Suçluluğa Yatkınlık Üzerine Birtakım Teoriler
Frenoloji: Beyin Yapısı, Kişisel Özellikleri Yansıtabilir mi?
F. Joseph Gall tarafından geliştirilen fizyolojik bir hipotez olan "frenoloji", beynin birçok bölümden oluştuğunu ve her bir bölümünün belirli bir içgüdüye, yetkiye hizmet ettiğini varsaymaktadır. Alman nörolog, beynin yapısı ve formunu incelemiş, öte yandan kriminolojinin doğuşuna zemin hazırlamıştır. Frenoloji, bireyin psikolojik kapasitesinin, fiziksel özellikleri ve beyin yapısına bağlı olduğunu öngörmektedir.

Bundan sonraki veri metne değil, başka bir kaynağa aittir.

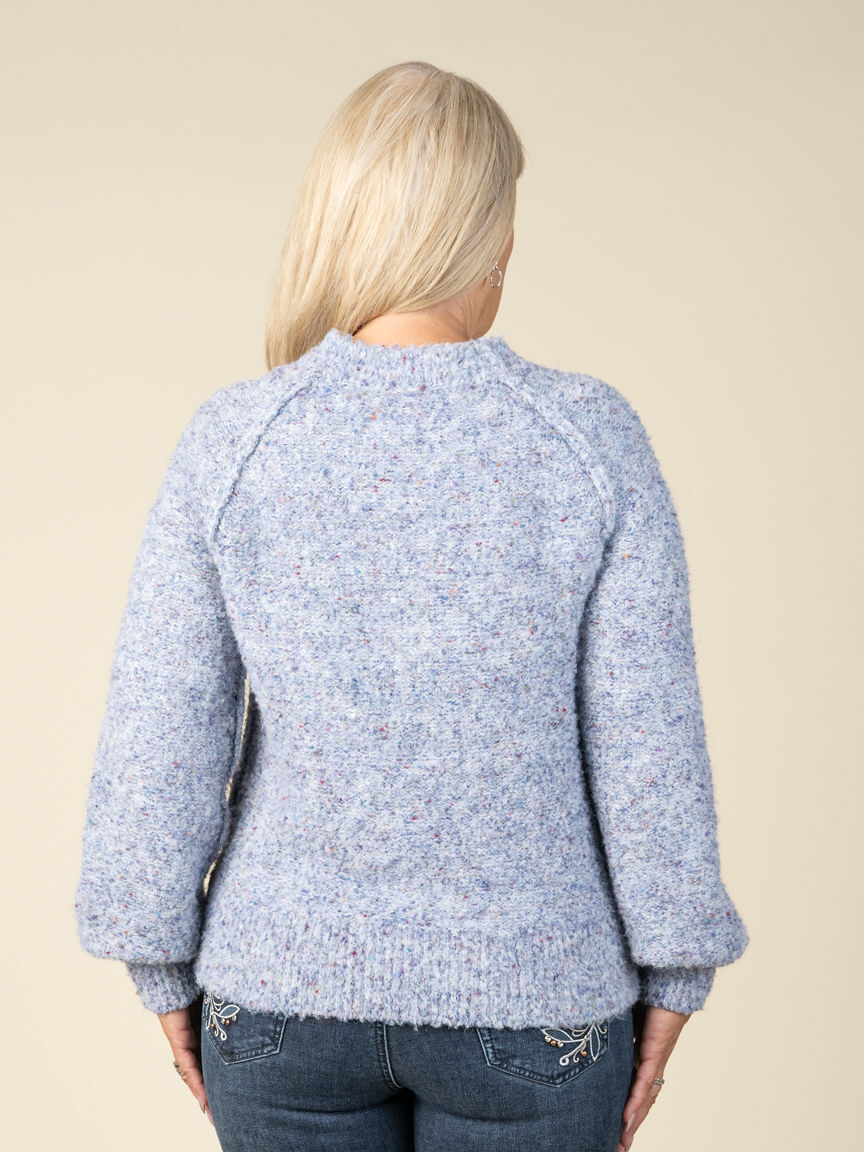 Long Sleeve Boucle Yarn Crew Neck Sweater Image 4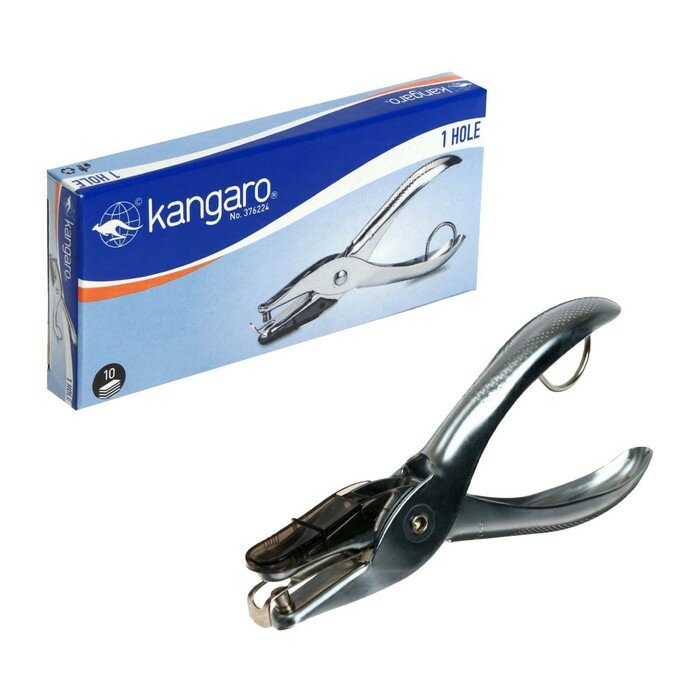 фото Дырокол стальной 10 листов, Kangaro One Hole, на 1 отверстие, металлик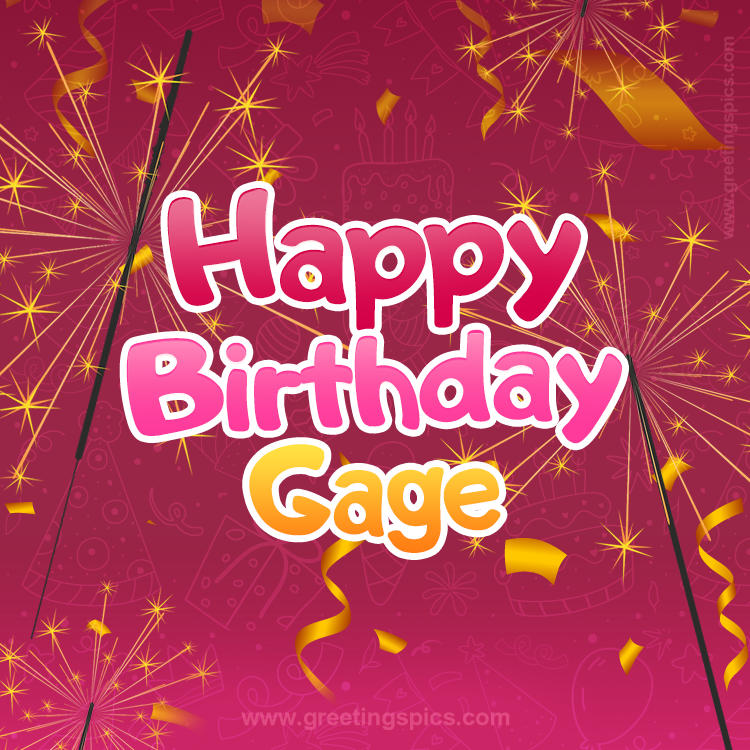 Happy Birthday Gage Image with sparklers (square shape image)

Çok geçmeden, beynin yapısı ve kişisel özellikleri doğrudan ilişkilendiren ilk teorilerden biri olan bu görüşün, farklı alanlarda uygulanabilirliği tartışılmaya başlanmıştır. İki yüzyılı aşkın bir süredir frenoloji ve psikiyatri, beyin yapısından yola çıkarak suça yatkınlığı olan bireyleri tanımlayabilmek adına birlikte çalışmaktadırlar. Analiz ettikleri bireyler belirli bir entelektüel kapasiteye sahip olmalarına rağmen doktorlara göre “katillik saplantısı” yahut “ahlaki delilik” olarak adlandırılan vakalarla eşleştirilmişlerdir. Nitekim, zanlıların uzman kurumlarda tedavi edilmesi gerektiği sonucuna varılmıştır.

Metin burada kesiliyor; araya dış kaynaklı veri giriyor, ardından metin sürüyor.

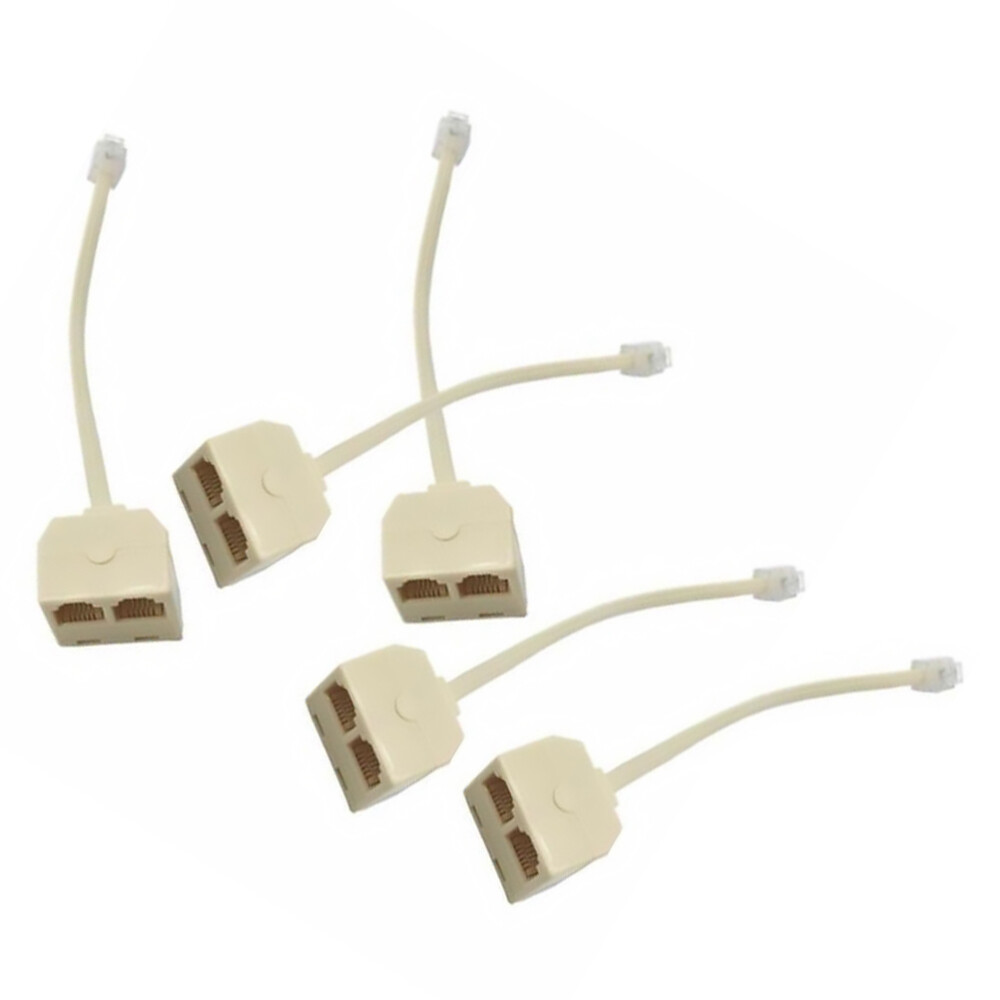 5pcs RJ11 Socket Splitter RJ11 Male To Female Adapter For Landline Telephone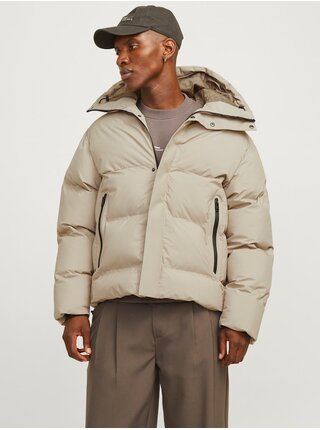 Béžová pánská zimní prošívaná bunda Jack & Jones Alpha
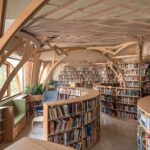 Window reading bays and hedge formations at Forest of Knowledge Library, Mumbai designed by Studio Hinge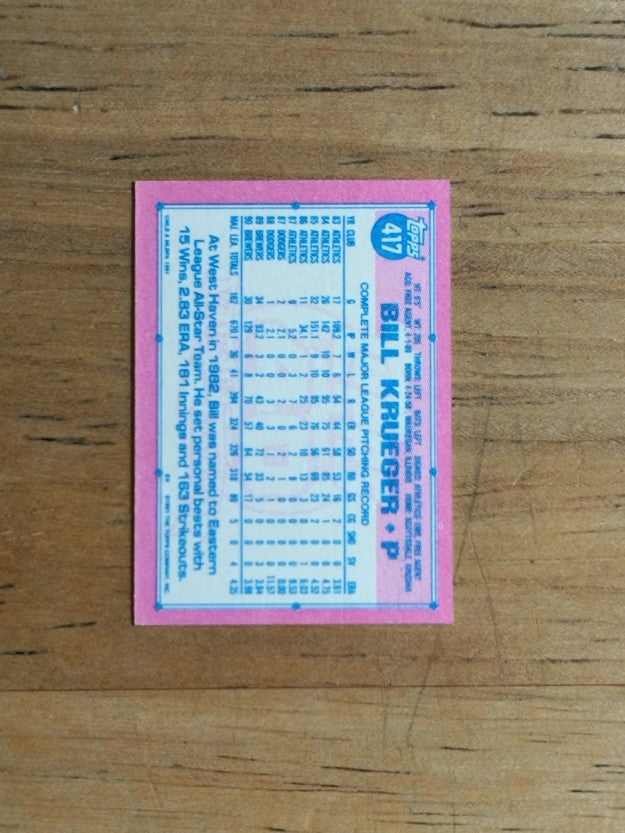 1991 Topps Micro #417 Bill Krueger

Amerika Birleşik Devletleri ve Avrupa'da frenoloji, ceza hukuku üzerinde büyük bir etkiye sahiptir. Avukatlar, bir ceza yargılaması sırasında sanığın zihinsel durumunu belirlemek ve kişinin iç benliğini okumak amacıyla frenolojiyi bir araç olarak kullanmıştır. Bunun yanı sıra, ceza hukuku reformu sırasında, frenologlar mahkemelerde uzman tanıklık görevinde bulunmuşlardır.
İlerleyen dönemlerde “sözdebilim” statüsüne indirgenmesine rağmen frenoloji, akıl hastalıkları için ilk bilimsel açıklamayı teşkil etmiş ve mevcut nöropsikolojinin bazı temel hipotezlerini (örneğin, beyin lokalizasyonu) kurmuştur. Günümüzdeyse frenoloji geçerli bir bilgi türü olarak görülmemektedir ve bilimden tamamen dışlanmış haldedir.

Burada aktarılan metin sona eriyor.